Table of Contents
Build a Collection
The DSL has access to Gale's extensive digital collections of newspapers, books, and other archival material. In this tutorial, we will focus on texts by and about an early twentieth-century scholar named Sir Aurel Stein, who travelled throughout South and Central Asia and China as an agent of the British Empire. There are many materials related to him - works by him, newspaper articles about his expeditions, etc. - available in the DSL, mostly ranging from the 1920s to the 1940 from a variety of newspapers (The London Times, Illustrated London News, The Daily Mail, The New York Times) and other digitised holdings from libraries and archives (the British Library, the Smithsonian, the American Antiquarian Society, the National Library of China).
- When you’re logged in, you will need to create your corpus (the collection of texts on which you will run statistics on and create visualizations). To access the search bar, click on Build in the top-right navigation bar.

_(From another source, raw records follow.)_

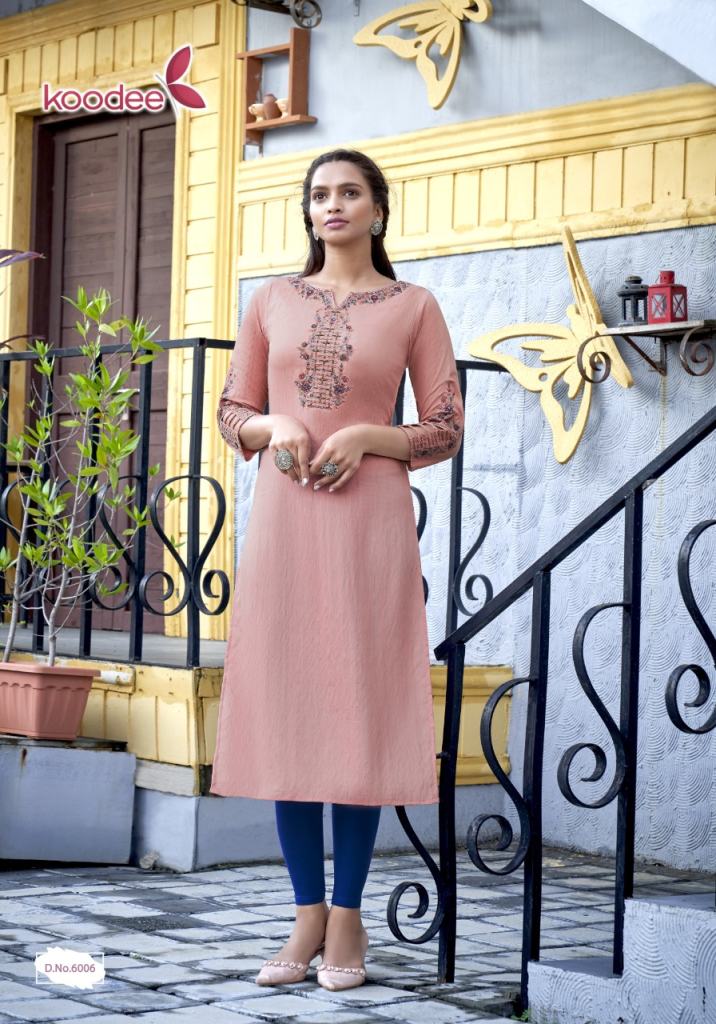 Koodee Veer Vol 3 Viscose Silk Embroidery Khatli Worked Kurti Catalog 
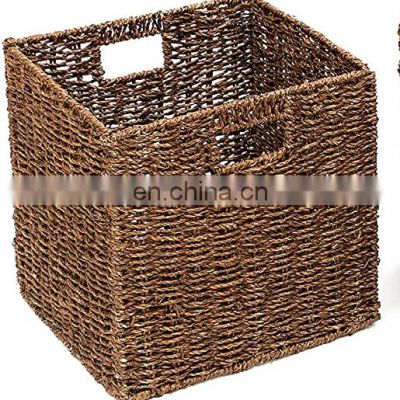 Custom natural wicker storage bins baskets foldable storage basket with wire frame Foldable Storage Basket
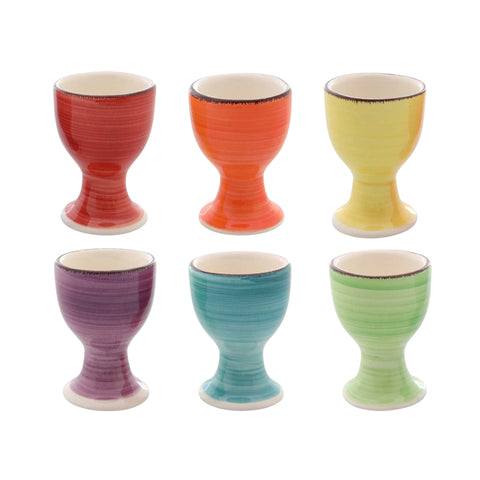 Set aus sechs bunten keramik eierbechern mit strukturierter handbemalung und weißen rand 5x7cm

Although you can use the search bar on the left of the page to get started with a basic search, let’s use the advanced search for a little more precision. Click on View all limiters in Advanced Search under the search bar.
-
You will arrive at the Advanced Search page.
It is structured like a library catalogue search page. You can use Boolean operators like AND, OR, and NOT to create complex search queries. Gale also automatically suggests metadata (e.g. authorship, publication date, language) from their collection as you type.
-
The build page is the first screen where you can view DSL's learning videos. Feel free to watch these as you complete these steps to get an introduction to the features available on that page.
-
Let’s search for Aurel Stein as an Author. Begin by clicking on the dropdown menu on the right of the first field.
-
Change it from Keyword to Author.
-
Then, click in the search bar and type Aurel Stein.
Once you start typing his name, if you have “Author” selected as the search field, you will see at least four different variations of his name appear.
Select the first option, “Aurel Stein K. C. I. E.”.
Note: DSL automatically suggests metadata like author names from its collections, but only if the correct field (e.g. author, keyword) is selected first. Because different databases have input Stein's name differently, there are four variations of his name and thus four different "authors" when searching. Although this is not ideal, it is common when working with data aggregated from many places. Let’s say that we want everything written by Stein, regardless of how his name appears in the various databases.
-
Because are four variations of his name and we want texts that are attributed to any of them, we will use an OR operator. Click on the left dropdown menu and select OR.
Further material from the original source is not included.